**Assignment:** Reproduce exactly, from the data that follows, the line with "Dviejų dalių medicininės", the line with "浅見れいなさんのインスタグラム写真 - (浅見れいなInstagram)「明けましておめでとうございます🎍", and every line that lies between them.

BEGIN Entries supplied

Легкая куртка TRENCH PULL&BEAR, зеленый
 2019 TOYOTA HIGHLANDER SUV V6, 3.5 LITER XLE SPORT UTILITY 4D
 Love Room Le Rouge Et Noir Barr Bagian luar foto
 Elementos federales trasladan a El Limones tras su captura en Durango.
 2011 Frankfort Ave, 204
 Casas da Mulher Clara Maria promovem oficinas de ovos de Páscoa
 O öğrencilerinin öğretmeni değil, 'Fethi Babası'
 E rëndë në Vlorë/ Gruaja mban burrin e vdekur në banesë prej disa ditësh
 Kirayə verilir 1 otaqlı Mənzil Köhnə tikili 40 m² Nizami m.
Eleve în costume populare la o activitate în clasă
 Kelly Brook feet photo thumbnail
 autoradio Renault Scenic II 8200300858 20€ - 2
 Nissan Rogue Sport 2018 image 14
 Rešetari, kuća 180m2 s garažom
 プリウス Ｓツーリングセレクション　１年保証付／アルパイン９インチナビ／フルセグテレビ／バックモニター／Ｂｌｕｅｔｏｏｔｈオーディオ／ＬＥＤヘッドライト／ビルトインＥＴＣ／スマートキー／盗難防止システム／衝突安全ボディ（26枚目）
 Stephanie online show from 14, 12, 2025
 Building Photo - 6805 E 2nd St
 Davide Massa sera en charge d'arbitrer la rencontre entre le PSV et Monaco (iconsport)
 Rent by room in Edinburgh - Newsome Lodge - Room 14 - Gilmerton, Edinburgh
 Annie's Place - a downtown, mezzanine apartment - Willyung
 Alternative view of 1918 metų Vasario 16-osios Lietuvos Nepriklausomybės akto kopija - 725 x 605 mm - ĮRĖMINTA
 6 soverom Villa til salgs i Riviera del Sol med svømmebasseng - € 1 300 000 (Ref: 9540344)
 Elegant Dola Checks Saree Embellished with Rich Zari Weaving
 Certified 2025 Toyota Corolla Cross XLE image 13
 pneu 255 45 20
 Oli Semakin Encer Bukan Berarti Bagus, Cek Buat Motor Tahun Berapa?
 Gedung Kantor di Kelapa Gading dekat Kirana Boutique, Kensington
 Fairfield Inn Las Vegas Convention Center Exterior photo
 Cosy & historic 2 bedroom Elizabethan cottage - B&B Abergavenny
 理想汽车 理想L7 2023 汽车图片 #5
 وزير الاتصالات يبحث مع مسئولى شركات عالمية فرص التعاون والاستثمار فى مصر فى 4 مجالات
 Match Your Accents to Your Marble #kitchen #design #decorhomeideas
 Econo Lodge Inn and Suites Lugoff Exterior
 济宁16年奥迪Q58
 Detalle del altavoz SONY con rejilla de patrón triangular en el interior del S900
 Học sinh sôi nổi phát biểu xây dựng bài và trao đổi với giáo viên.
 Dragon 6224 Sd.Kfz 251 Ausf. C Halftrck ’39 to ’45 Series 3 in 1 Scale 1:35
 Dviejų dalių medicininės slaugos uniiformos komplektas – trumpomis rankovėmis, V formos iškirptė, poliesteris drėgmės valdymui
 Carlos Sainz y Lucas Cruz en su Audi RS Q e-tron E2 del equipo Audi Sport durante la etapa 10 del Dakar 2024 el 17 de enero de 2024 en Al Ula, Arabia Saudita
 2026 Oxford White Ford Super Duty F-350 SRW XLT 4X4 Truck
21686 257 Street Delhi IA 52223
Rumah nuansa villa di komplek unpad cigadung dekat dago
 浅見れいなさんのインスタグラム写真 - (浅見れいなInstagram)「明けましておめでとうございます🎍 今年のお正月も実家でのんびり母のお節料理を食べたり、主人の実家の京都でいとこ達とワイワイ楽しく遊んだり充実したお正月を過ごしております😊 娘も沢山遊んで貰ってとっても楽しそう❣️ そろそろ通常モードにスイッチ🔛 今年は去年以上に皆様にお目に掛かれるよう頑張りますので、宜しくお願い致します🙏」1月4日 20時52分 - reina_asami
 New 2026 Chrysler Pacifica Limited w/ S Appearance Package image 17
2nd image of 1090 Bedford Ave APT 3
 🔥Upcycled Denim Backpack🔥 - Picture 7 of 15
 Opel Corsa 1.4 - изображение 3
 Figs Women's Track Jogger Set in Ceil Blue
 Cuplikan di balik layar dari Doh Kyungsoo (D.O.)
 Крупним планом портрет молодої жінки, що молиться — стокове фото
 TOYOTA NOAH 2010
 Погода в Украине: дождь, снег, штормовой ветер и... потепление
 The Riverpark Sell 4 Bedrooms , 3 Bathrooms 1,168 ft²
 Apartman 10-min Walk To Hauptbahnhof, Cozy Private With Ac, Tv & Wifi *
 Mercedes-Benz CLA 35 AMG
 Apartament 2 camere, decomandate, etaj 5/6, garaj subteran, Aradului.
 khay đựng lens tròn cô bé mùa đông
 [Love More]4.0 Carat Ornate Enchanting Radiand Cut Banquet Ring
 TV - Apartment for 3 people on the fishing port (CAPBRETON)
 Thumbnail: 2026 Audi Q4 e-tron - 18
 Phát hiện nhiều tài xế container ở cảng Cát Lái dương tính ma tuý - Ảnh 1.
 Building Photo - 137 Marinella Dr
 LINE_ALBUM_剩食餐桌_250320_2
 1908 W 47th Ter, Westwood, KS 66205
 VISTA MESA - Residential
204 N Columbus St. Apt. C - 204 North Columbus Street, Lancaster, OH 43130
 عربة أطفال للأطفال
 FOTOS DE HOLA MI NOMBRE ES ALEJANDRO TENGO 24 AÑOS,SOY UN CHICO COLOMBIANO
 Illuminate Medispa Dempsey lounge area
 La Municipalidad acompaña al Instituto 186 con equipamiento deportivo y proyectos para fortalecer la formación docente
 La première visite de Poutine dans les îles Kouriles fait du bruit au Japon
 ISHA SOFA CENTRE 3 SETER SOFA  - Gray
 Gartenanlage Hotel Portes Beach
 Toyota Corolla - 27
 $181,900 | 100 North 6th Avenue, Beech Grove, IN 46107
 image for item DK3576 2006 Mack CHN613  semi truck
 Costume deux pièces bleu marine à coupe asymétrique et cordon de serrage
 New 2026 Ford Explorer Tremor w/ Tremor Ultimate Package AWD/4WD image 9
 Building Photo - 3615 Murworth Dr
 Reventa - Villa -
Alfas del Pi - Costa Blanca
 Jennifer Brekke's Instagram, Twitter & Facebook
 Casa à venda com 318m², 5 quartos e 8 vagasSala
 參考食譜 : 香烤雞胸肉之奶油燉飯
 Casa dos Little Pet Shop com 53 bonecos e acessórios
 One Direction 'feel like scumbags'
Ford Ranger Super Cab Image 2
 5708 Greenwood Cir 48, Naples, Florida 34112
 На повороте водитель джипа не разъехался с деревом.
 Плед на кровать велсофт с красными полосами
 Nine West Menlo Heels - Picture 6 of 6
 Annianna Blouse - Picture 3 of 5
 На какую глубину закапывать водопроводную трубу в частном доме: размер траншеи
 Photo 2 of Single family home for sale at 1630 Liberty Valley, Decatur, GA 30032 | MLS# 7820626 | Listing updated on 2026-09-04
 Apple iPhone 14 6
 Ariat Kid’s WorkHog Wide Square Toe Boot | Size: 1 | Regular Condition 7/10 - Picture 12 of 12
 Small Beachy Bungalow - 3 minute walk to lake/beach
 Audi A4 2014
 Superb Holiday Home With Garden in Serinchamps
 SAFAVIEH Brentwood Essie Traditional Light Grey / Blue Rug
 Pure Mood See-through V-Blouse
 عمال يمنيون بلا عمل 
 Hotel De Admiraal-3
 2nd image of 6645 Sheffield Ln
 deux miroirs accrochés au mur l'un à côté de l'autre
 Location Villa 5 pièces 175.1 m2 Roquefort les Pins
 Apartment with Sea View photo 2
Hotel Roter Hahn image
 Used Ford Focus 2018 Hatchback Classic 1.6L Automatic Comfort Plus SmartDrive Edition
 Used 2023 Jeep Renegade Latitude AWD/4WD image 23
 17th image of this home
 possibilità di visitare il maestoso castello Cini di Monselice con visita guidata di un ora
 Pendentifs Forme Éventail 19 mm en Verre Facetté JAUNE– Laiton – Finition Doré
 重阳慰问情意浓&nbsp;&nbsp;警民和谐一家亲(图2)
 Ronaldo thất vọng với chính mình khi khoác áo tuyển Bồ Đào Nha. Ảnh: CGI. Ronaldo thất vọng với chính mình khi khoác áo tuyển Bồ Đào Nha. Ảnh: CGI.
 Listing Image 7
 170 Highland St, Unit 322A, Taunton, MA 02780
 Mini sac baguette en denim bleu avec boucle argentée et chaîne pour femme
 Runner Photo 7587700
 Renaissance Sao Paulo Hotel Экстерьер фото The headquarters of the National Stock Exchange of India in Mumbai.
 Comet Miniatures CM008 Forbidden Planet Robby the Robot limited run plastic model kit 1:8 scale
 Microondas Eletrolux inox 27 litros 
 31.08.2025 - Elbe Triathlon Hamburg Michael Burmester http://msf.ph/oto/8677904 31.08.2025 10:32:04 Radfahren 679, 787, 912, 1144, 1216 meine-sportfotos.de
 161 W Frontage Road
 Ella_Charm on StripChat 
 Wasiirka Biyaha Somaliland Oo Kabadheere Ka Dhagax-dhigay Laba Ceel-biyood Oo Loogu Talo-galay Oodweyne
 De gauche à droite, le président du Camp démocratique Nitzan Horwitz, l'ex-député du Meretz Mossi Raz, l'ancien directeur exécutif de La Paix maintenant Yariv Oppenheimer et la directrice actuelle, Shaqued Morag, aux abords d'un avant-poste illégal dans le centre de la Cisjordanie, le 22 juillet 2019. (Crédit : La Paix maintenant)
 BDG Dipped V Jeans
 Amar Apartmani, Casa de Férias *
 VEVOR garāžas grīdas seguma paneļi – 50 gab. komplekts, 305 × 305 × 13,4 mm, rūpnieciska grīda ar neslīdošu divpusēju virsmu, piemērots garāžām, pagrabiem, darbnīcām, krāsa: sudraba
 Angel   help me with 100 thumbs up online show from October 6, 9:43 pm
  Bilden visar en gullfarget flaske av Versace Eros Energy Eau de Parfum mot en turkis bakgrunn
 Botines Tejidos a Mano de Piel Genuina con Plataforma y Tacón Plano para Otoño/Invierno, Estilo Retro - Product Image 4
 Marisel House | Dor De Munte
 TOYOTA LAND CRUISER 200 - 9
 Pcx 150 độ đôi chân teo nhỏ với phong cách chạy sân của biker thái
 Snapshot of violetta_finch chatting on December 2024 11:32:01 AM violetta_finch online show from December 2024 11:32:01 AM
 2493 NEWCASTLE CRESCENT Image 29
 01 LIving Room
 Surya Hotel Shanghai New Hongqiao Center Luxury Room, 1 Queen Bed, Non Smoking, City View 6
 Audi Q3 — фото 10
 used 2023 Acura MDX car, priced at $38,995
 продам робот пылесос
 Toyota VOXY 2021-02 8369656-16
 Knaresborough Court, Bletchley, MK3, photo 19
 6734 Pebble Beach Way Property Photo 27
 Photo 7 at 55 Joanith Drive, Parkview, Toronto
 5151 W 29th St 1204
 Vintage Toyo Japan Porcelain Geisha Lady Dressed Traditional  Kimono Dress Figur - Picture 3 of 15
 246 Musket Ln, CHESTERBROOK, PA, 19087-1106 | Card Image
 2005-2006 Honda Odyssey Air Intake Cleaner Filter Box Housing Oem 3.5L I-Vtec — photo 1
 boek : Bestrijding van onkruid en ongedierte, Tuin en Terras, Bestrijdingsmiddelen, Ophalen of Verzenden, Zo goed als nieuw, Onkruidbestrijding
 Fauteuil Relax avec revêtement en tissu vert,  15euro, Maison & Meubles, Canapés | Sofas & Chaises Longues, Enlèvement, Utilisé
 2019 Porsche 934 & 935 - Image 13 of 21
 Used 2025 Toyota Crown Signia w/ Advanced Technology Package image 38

END Entries supplied

**Answer area:**
 Dviejų dalių medicininės slaugos uniiformos komplektas – trumpomis rankovėmis, V formos iškirptė, poliesteris drėgmės valdymui
 Carlos Sainz y Lucas Cruz en su Audi RS Q e-tron E2 del equipo Audi Sport durante la etapa 10 del Dakar 2024 el 17 de enero de 2024 en Al Ula, Arabia Saudita
 2026 Oxford White Ford Super Duty F-350 SRW XLT 4X4 Truck
21686 257 Street Delhi IA 52223
Rumah nuansa villa di komplek unpad cigadung dekat dago
 浅見れいなさんのインスタグラム写真 - (浅見れいなInstagram)「明けましておめでとうございます🎍 今年のお正月も実家でのんびり母のお節料理を食べたり、主人の実家の京都でいとこ達とワイワイ楽しく遊んだり充実したお正月を過ごしております😊 娘も沢山遊んで貰ってとっても楽しそう❣️ そろそろ通常モードにスイッチ🔛 今年は去年以上に皆様にお目に掛かれるよう頑張りますので、宜しくお願い致します🙏」1月4日 20時52分 - reina_asami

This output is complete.